Spark Structured Streaming is very powerful for streaming data pipelines, but it can get complicated for certain use cases. One of those use cases is joining streaming data to other changing data. Joining two streaming datasets works great if you can set watermarks and time constraints to limit how much data is kept in state. If one side of that join doesn’t change often, you can change this to a stream to batch join which doesn’t require using a Spark state store.
Use case
If you are building data pipelines for a video streaming site, you would need to consume analytics about video views in real time. Assume you need to look up additional user attributes like the subscription level, that information will change very infrequently. However, once that change happens its important to start tying usage to the correct subscription right away. So you need to find the best way to lookup that info in Apache Spark.
The problem
When joining a Spark stream to a batch dataset for a lookup, most batch sources will not update in memory. If you update the batch data once a night, you need to restart the streaming query for the lookup data (static dataset) to be updated.

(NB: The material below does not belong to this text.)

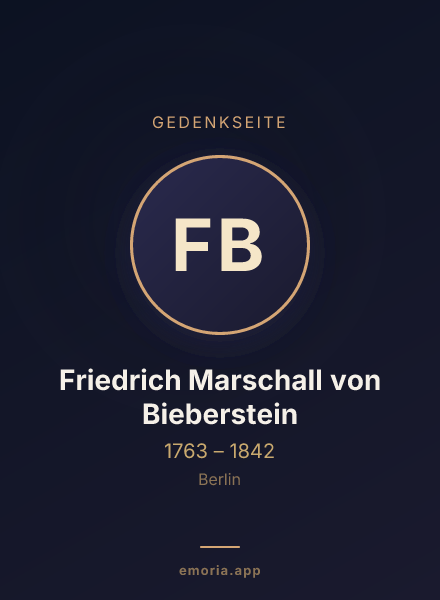 Gedenkportrait von Friedrich Marschall von Bieberstein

This isn’t too bad if it’s once a day, but when data trickles in throughout the day we need a better solution.
The solution
With Delta Lake format, the batch dataset will update in memory without restarting the stream. The video in this post shows an example of this in action. Delta Lake supports updates via the merge statement so you keep the data up to date in your file system and Spark will also update its in memory data frame.
The remaining problem
The downside of this solution is if the data to update your Delta Lake table is a little late, your streaming process has already produced records with the old lookup values. Assuming you need very precise joins, you will need to correct these infrequent issues somehow. This can be solved with a separate cleanup job.